Athena Swan: Oxford physics department holds a silver award (Data from 2014/2015). The department also holds the Institute of Physics Juno Champion Status
The above figure shows the percentage of females in the Oxford Physics Department at various stages of their career compared with similar UK institutions. Data are for 2012/13 from HESA. Staff categories are determined by HESA entries: “Fixed-term staff” roughly equates to junior postdocs; “Permanent staff” roughly equates to lecturer/reader/professor
Biases – don’t pretend they don’t exist
1. Prove-it-Again. Two-thirds of the women interviewed, and two-thirds of the women surveyed, reported having to prove themselves over and over again – their successes discounted, their expertise questioned.
2. The Tightrope. Women need to behave in masculine ways in order to be seen as competent—but women are expected to be feminine.
3. The Maternal Wall. When professional women have children, they often find themselves running into a wall: their commitment and competence are questioned, and opportunities start drying up.
4. Tug-of-War. Studies show that women who have encountered discrimination early in their careers often distance themselves from other women.
5. Isolation: ‘Oh, she’s going to be the only black person/woman there… just don’t invite her, she won’t feel comfortable.’
Percent of US women in STEM who report …
Small positives, which were big battles…
‘Anti-harassment policy’ instigated at major conferences in Dr. Sheehy’s field. (Took 2 years)
Change of acronym from ‘FFAG’ (offensive) to ‘FFA’. (Took 11 years)
The advice Dr Sheehy would give an aspiring female physicist… (Things that have helped her…)

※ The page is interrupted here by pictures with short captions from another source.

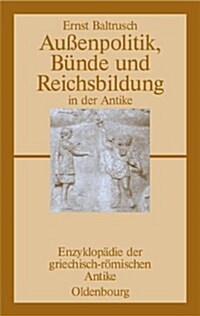 Aussenpolitik, Bunde Und Reichsbildung in Der Antike (Hardcover)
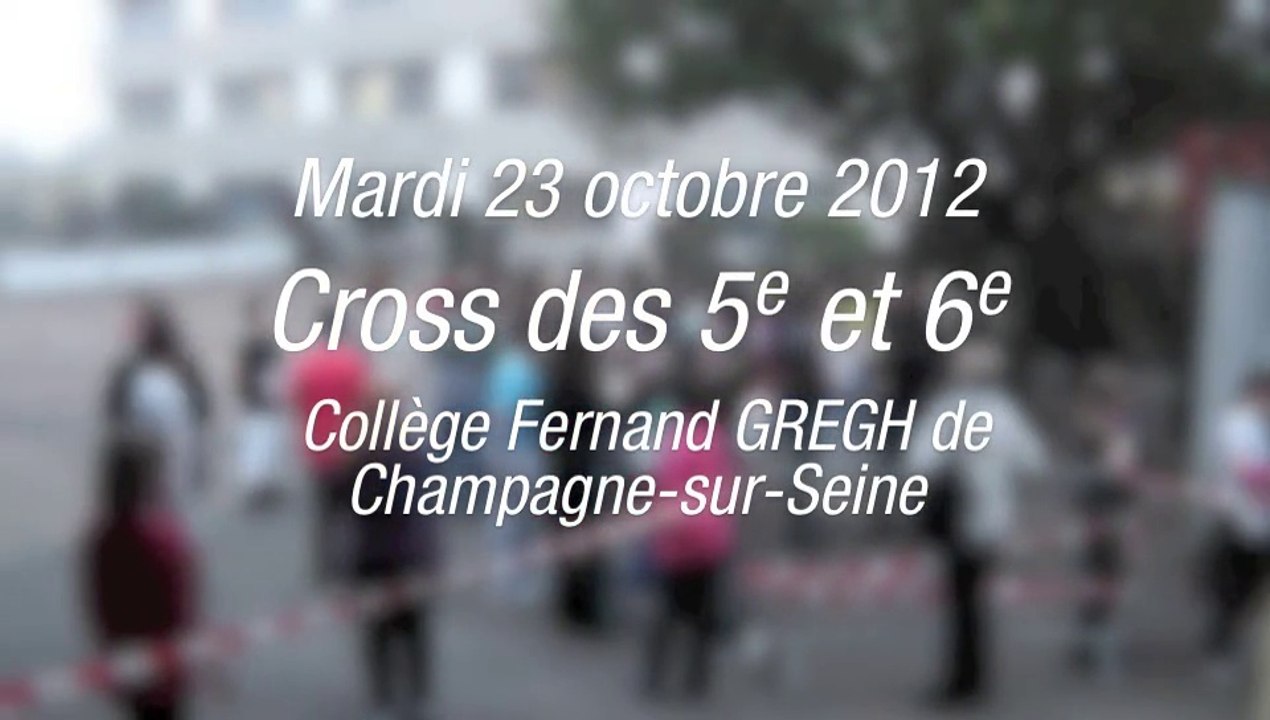 Cross 2012, classes de 5e et 6e. Collège Fernand GREGH, Champagne-sur-Seine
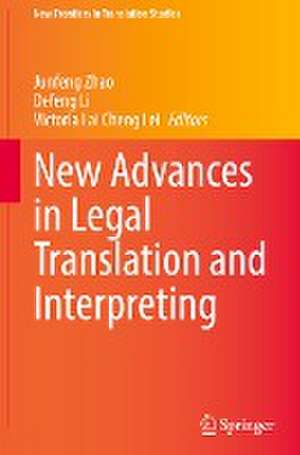 New Advances in Legal Translation and Interpreting de Junfeng Zhao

“• It’s not your job to be an expert on gender. It’s your job to be an expert in physics. But learning more about the topic will allow you to see what is ‘you’ and what is ‘society/bias’. (Recommend: books by Cordelia Fine and Lise Eliot)
• It’s OK to disengage with ‘women in physics’. I’ve had periods of being involved and periods of being disengaged. Don’t try to be superwoman.
• Build a good support network. Mentors, supporters, friends, family.
• Share experiences (if you can) and ask (male) colleagues to be involved in handling situations.
• Work on ‘standard responses’ to instances of bias/sexism to help you curb it in the moment.
• Take holidays. Look after your mental and physical health. Encourage others around you to do the same.”
Tips for Engaging with Female Academic Physicists (sorry for the cynicism… but all of these have happened…)
“I need a female speaker to encourage girls in physics. Please let me know when you’re available in the next 2 years…”
“Please thank the lovely ladies for coming to visit today…”
“My students are doing an assignment where they have been asked to ‘reach out’ via email/twitter to female physicists to interview them”
“You’re such a great role model, you’re a physicist AND you’re feminine and a nice/normal person!”
“Your work is inspirational, so tell us, what’s it like being a woman in physics?”